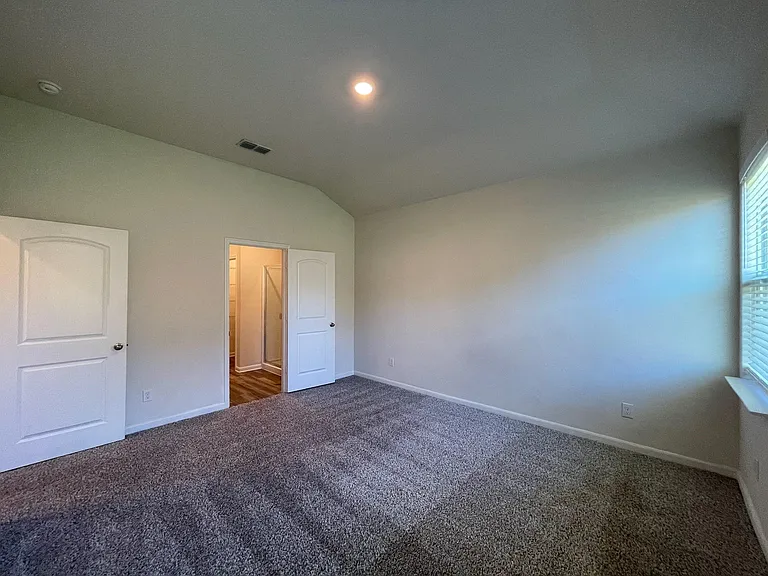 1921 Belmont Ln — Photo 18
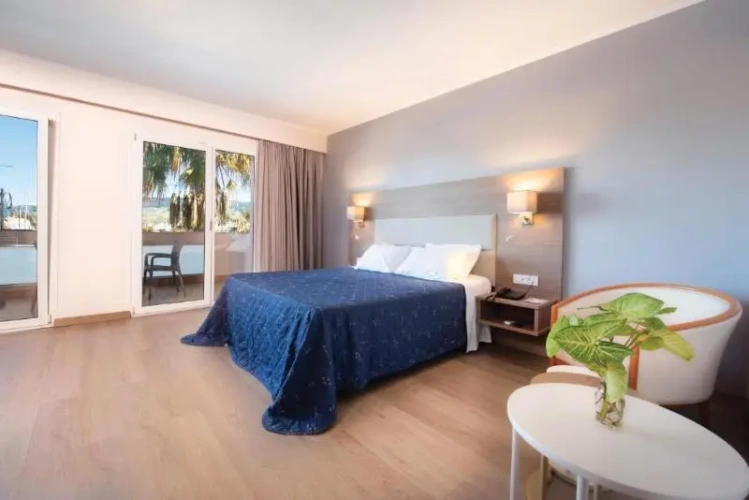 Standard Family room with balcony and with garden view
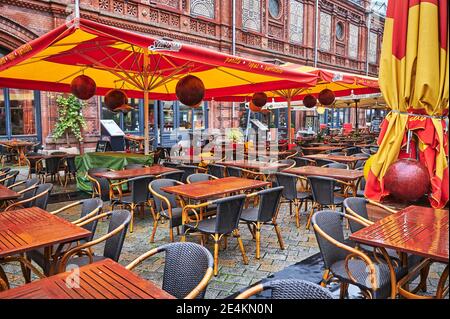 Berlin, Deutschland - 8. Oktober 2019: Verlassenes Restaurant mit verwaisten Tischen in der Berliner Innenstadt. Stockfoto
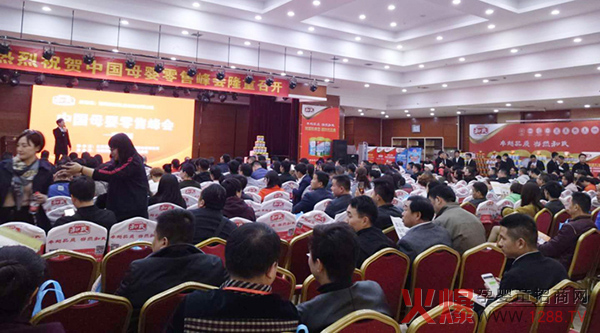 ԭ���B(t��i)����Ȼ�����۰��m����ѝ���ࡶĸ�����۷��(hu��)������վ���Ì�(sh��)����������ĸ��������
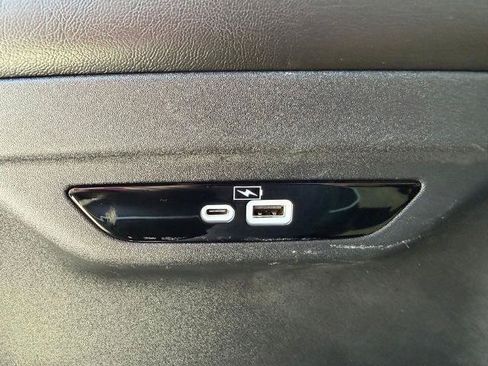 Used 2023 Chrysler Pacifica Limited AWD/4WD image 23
○ ○ ○ ○ ○ ○ ○
### TASK TO COMPLETE:
Starting with the line that holds "ԭ���B(t��i)����Ȼ��", print each line through the last one of the data exactly as written, but do not include the pictures.

### PROBLEM SOLUTION:
 ԭ���B(t��i)����Ȼ�����۰��m����ѝ���ࡶĸ�����۷��(hu��)������վ���Ì�(sh��)����������ĸ��������
 Used 2023 Chrysler Pacifica Limited AWD/4WD image 23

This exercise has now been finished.